Saturday, October 30, 2010

Maple Street Loop/First Tee

I walked the Maple Street Loop this morning in 30:41. It was 34 degrees when I walked in at about 7:45 Central. It should be a nice late morning and early afternoon for golf. We'll see.

The weather was perfect. I played First Tee with Randall Hunhoff and Steve Beetsra, the dentist, from the back tees, or from 6,856 yards, in 103, with nines of 51 and 52. I had 2 pars, 7 bogies, 5 doubles, 3 triples, and 1 pentagonal. I used 33 putts. I had a decent chance of breaking 100. I was at 21-over after fourteen holes, but played the last four in 10-over instead of the 6-over I needed. The 5-over on one hole, No. 6, hurt. I was tired, plus I suck.

Oh.
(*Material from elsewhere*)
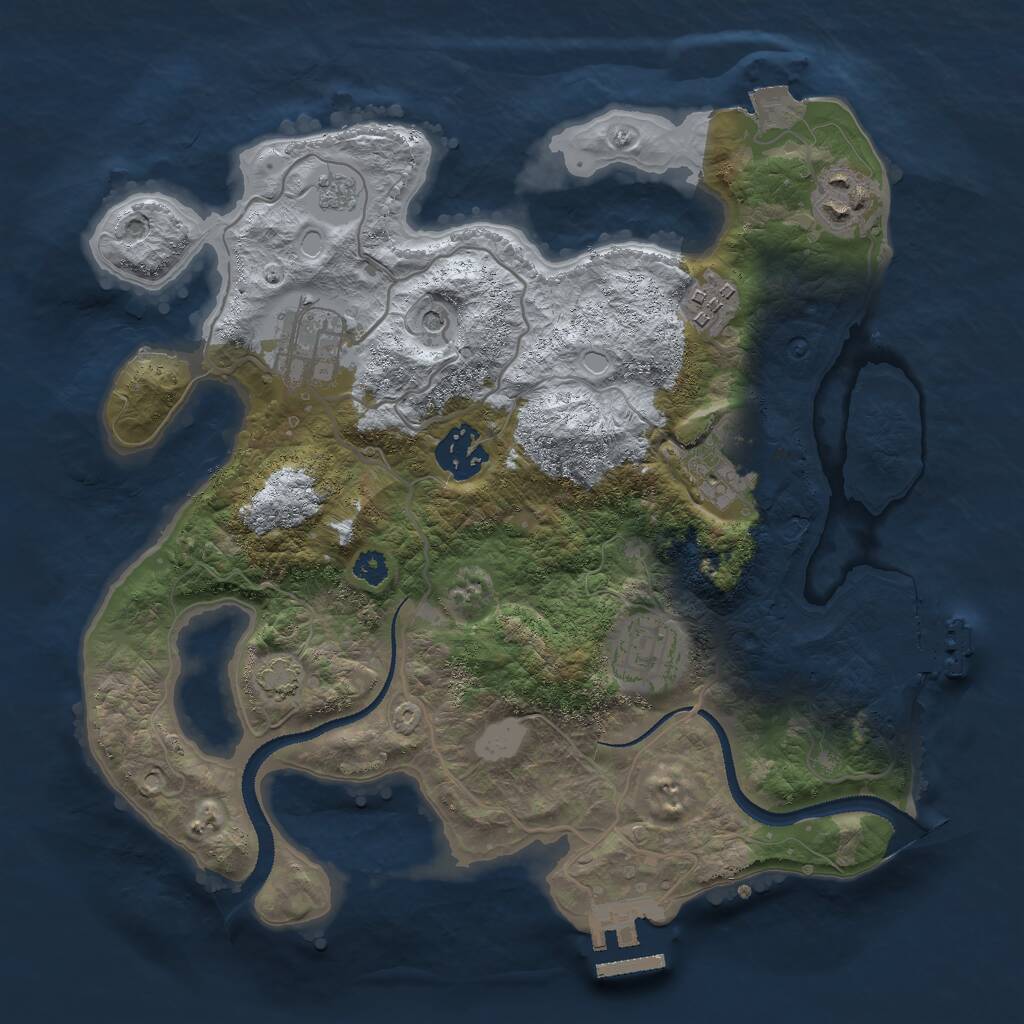Rust Map: Procedural Map, Size: 3000, Seed: 44209704, 12 Monuments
The highlights included the 551-yard second hole (the second time around, so No. 10), hit with two three-woods and a seven-iron for par, and the 475-yard fourth hole (again, the second time), which I two-putted from 92 feet (from the very back to the front pin) for bogey.

SENTENCES OF THE DAY from A Different Closet
The women were dressed alike, each in khaki pants and dark, wool flannel shirts, and perfectly weathered hiking boots, outfits likely ordered from L.L. Bean; Ingram had seen at least a dozen catalogues scattered around Karen’s house.

Friday, October 29, 2010

First Tee/Ghetto Cat Loop/Levy Loop

Yesterday afternoon I played First Tee with Zach Henson, of Zach and Lacey from the Hash, in 49, with 1 par, 4 bogies, 3 doubles, and 1 triple. I used 19 putts. Last evening I walked the Ghetto Cat Loop in 31:12.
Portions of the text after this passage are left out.